Nell’identità di una squadra il suo destino. E’ parafrasando Eraclito che potremmo riassumere la condizione attuale della squadra di Pioli. Capire chi siamo per sapere dove possiamo arrivare. Per cosa lottare. Sui media nazionali l’aggettivo più inflazionato per la Fiorentina è “giovane”.

Ed è vero.La bellezza dell’entusiasmo, della passione, della fantasia, ma anche l’irruenza, l’emotività, la fatica di gestire i momenti difficili come quando in campo manca la brillantezza, lo smalto migliore e le doti che potrebbero portare giocatori come Muriel, Simeone e Chiesa a cambiare le partite. Una quadra di gioco che non convince fino in fondo ma che parte da certezze importanti su cui la Fiorentina può e deve contare.

In un pomeriggio di Marzo di 11 anni fa, la Fiorentina Prandelli scoprì di essere una squadra alla quale piegarsi a far strada non piaceva affatto. Un “Artemio Franchi” a mezzo servizio a causa dei lavori di installazione dei tornelli, ospitava la Roma di Luciano Spalletti, una squadra dove si univano fisicità, talento e un gioco totale bellissimo. Quella Roma si diceva giocasse a memoria e sapesse esaltare al massimo le doti di ogni singolo: su tutti Francesco Totti, che quella stagione arrivò a conquistare la Scarpa d’Oro.

Per Prandelli l’unico fuoriclasse della sua Fiorentina era il gruppo, un undici che non si era posto limiti e con coraggio aveva sfidato l’impossibile: risalire in zona Europa League partendo da -19 punti. Quindi disegnò una formazione tatticamente intelligente, con un centrocampo folto e capace di ripartire in velocità grazie al talento di Adrian Mutu, ben sapendo che a Luca Toni sarebbe stato francobollato Mexes, una marcatura difficile da eludere.

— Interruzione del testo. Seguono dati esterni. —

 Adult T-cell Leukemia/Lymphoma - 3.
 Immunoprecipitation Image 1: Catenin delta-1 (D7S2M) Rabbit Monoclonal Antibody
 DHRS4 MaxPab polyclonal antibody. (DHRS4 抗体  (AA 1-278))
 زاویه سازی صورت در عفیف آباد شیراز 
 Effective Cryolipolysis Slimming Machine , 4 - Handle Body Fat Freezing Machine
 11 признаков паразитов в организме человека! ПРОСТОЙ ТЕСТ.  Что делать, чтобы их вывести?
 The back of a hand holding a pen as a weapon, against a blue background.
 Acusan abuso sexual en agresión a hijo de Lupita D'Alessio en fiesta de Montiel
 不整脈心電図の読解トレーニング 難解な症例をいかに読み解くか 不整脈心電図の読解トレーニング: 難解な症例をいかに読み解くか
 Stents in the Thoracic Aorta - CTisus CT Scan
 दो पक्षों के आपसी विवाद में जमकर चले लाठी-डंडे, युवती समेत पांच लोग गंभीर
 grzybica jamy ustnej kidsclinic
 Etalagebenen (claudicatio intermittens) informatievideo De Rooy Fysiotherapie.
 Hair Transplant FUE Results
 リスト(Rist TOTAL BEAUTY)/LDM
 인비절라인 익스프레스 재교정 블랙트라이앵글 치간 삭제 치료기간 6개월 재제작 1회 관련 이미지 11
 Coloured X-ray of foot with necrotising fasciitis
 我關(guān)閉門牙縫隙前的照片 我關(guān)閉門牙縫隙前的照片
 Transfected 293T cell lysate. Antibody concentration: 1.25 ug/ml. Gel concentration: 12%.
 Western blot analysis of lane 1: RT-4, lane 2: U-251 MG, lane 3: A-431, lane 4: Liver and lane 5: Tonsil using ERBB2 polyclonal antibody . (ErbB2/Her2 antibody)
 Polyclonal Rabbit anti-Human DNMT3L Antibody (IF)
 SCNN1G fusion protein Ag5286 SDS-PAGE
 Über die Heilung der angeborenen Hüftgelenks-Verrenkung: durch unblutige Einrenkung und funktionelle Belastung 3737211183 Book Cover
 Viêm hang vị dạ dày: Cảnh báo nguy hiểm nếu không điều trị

Ma quando le squadre sono ancora in fase di studio, accade l’imponderabile: al 36′ Paparesta estrae il rosso per Dainelli e la Fiorentina rimane in 10. Dentro Potenza e Blasi, fuori Jorgensen e Liverani. Meno idee e geometrie più sostanza, ma una missione che prima sembrava difficile adesso è impossibile. Così ci pensa Frey. Perchè la Roma ci prova, prima con il fraseggio, poi da fuori area. Non passa niente. Seba para tutto, schizza in aria come un gatto e dice di no. E così appare a tutti chiaro che la Fiorentina è meno forte, ha più debolezze ma la sua identità è quella di non arrendersi.Finisce 0-0. La Roma terminerà la stagione seconda, dietro l’Inter Campione d’Italia, mentre la Fiorentina, penalizzata di 16 punti acciufferà un’impresa importantissima.

Questa Fiorentina ha un coefficiente tecnico assolutamente maggiore di quella di un tempo dove però c’era il fuoco trascinatore di due fuoriclasse che si erano già affermati, Frey e Mutu. Ma è comunque composta di talento e di quella tempra mentale che forgia solo chi ha sofferto: adesso deve capire che può essere ambiziosa partendo da se stessa, lavorando sul campo ricercando concretezza, equilibrio, continuità e coraggio.